Médiocrité fédérale

Le grand cirque ordinaire des illusions « Canadian »



À quoi sert le Bureau de la condition des personnes handicapées? Bienheureux celui qui arrive à déchiffrer la version française du site Internet de cette institution fédérale pour le savoir. On nous y sert un charabia de fonctionnaires noyé dans un français lamentable devenu une des langues officielles du gouvernement Harper.

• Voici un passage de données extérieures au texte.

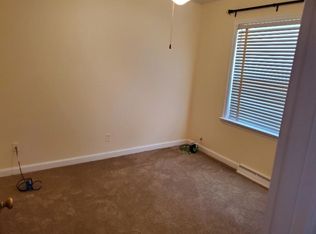 230 Rand Dr, Saint Louis, MO 63135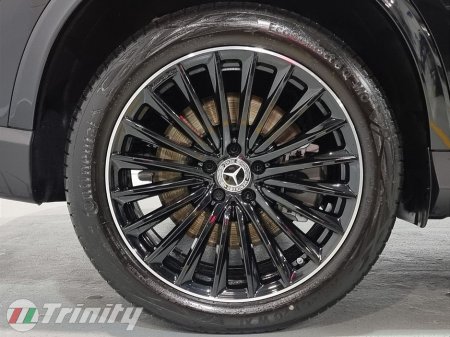 2025 Mercedes-Benz GLC Class - thumbnail 10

Mais ne craignez rien. Ce Bureau qui est responsable de la recherche «ayant trait des personnes handicapées» et qui contribue à la sensibilisation du «publique» canadien nous dit qu'il «recherche l'excellence», rien de moins (lisez à ce sujet l'article de ma collègue Louise Leduc). En plus, sa «division de la planification stratégique» lui fournit le soutien administratif, «ce qui incluse les budget», oui, oui, et même «les fonctions de coordination des notes et de la correspondance». Mais on ne dit pas, par contre, si ça «incluse» l'embauche d'un réviseur capable d'aligner deux mots dans la langue de VLB.
Qu'un obscur resto chinois peine à servir sa soupe won-ton en français, c'est une chose. Que le gouvernement fédéral qui se targue d'être bilingue nous serve encore et toujours ce genre de charabia, c'en est une autre. Il y a là un flagrant manque de respect envers les citoyens francophones pour qui les services dans leur langue ne devraient pas être un privilège mais bien un droit.
Remarquez, en matière de site fédéral bourré de fautes, on a déjà lu pire. Il y a deux ans, Gordon O'Connor, alors ministre de la Défense, avait confié la traduction de son site Internet à un logiciel. On y apprenait ainsi que M. O'Connor avait obtenu «56% des voix moulées dans des moulins du Carleton-Mississipi» (traduction surréaliste de «56% of the votes cast in Carleton-Mississippi Mills). Et le ministre y déclarait attendre «avec intérêt de continuer à servir des moulins du Carleton-Mississippi».
Tout cela serait sans conséquence si ce n'était que l'exception qui confirme la règle. Ce n'est malheureusement pas le cas. L'impression qu'on nous prend trop souvent pour des moulins n'est pas qu'une impression. Le rapport accablant rendu public hier par le commissaire aux langues officielles Graham Fraser en fait foi.
En principe, la Loi sur les langues officielles garantit au citoyen canadien «le droit de communiquer avec les institutions fédérales et d'en recevoir les services» dans la langue officielle de son choix. En réalité, on est loin du compte. Année après année, les institutions qui font l'objet du plus grand nombre de plaintes sont toujours les mêmes. Année après année, celles qui ont jadis obtenu des notes médiocres continuent d'obtenir les mêmes notes médiocres, sans que personne ne sourcille. La majorité de ces plaintes (68%) concernent la langue de service (ce qui inclut la qualité du français des sites Internet). Et c'est Air Canada qui est en tête du palmarès des cancres.
Pour ce qui est de la langue de travail dans la fonction publique fédérale, le portrait n'est guère plus reluisant. Il s'agit d'un «maillon faible», note Graham Fraser. Encore là, on observe un «fossé énorme» entre les droits des employés et la réalité. Chez les fonctionnaires francophones, l'assimilation en milieu de travail est «courante». On l'explique notamment par le fait que les francophones connaissent mieux leur langue seconde que les anglophones ainsi que par une «culture organisationnelle où l'anglais domine».
Bref, le bilinguisme officiel reste encore et toujours une grande illusion. Peu de progrès ont été réalisés ces dernières années. «L'absence de vision d'ensemble» du gouvernement Harper explique ce «bilan terne», observer Graham Fraser.
À qui la faute? On ne pourra pas plaider le manque de temps. Lorsque le premier ministre Lester B. Pearson a jeté les bases de la politique linguistique canadienne en 1966, il espérait que la fonction publique fédérale reflète la dualité linguistique du pays et permette à tous les citoyens d'être servis dans la langue officielle de leur choix dans un délai «raisonnable», rappelle le rapport. Plus de 40 ans plus tard, le délai raisonnable est largement expiré.
Manque de temps? Non. Quarante ans plus tard, alors que rien ne bouge, on peut parler sans se tromper d'absence de volonté.